Doch so hoffnungslos, wie der Blick auf die Handlungen vermuten lässt, ist Sterne an den Mützen nicht, schließlich erzählen die Bilder eine andere Geschichte. Eine Geschichte angefüllt mit Schönheit und voller Geheimnisse. Vor allem die langen, ballettartigen Einstellungen – hier taucht Jancsós Markenzeichen das erste Mal auf – sind das komplette Gegenteil von Realismus. Die dargestellte Welt wird durch diesen sich nicht abwendenden Blick nicht fester, sondern rätselhafter. Schnitte haben meist den Sinn, die Szenerie auszuleuchten… Fragen über das Umfeld erst gar nicht aufkommen zu lassen. Doch statt zu zeigen, wer den Menschen im Bild solche Angst einjagt, auf wen hinter oder neben der Kamera sie schauen, wer dort spricht, was dort passiert, hält die Kamera auf das, was sie uns sehen lassen will. Der Rest bleibt der Phantasie überlassen. Auf diese Weise entsteht nicht nur eine eigenwillige Art von Spannung, sondern auch eine mystische Aufladung der Bilder, welche mehr denn je nicht bleiben können, was sie sind, sondern Rätsel werden, welche durch unsere Vorstellungen gefüllt werden.

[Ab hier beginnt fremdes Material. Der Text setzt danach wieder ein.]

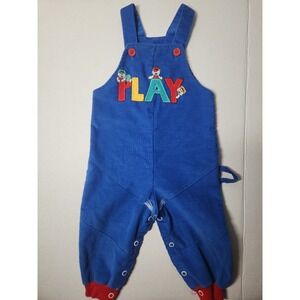 Vintage Buster Brown Baby Boys Girls Overalls Blue Made in USA‎ Size 12M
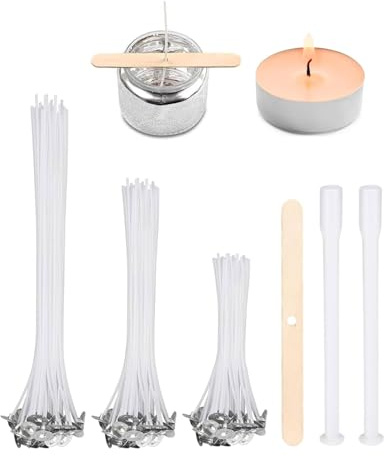 FUGLUS Mèche Bougie,90 pcs Mèches de Bougie Naturelles,Mèche de Bougie Coton,Mèche pour Bougie,Meche Bougie Naturelle Coton pour la Fabrication de Bougies DIY Guide de Fabrication de Bougie parfumée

Eingeklammert von zwei Trauer erfüllten Bildern über das Schicksal der Menschen (in dem Film) zeigt Jancsó uns gleichmütig eine wunderschöne Welt, die keinen Sinn ergibt … außer wir geben ihr einen. Am originellsten geschieht dies in der Mitte des Films in einem dichten Birkenwald. Wie ein Gefängnis wirkt er, wie eine riesige, nicht enden wollende Ansammlung von Gitterstäben, welche die Menschen gefangen hält. Doch dies wirkt nicht bedrückend, sondern leicht und voll süßer Zärtlichkeit. So zwingen die Weißgardisten einige Krankenschwestern in diesem Wald zu einem Tanz… einen Tanz der Pflegerinnen, welchen sie sich nur anschauen. Am Ende dürfen die Damen gehen und verschwinden genauso in diesem mythischen Gefängnis der Natur, wie der Offizier, welcher es anordnete. Doch was dieser Tanz sollte, dass bleibt sein Geheimnis. Er nimmt es mit in dieses luftige Verlies seiner Seele, welches wir vor uns sehen. Was sich darin befindet, können wir nur erahnen.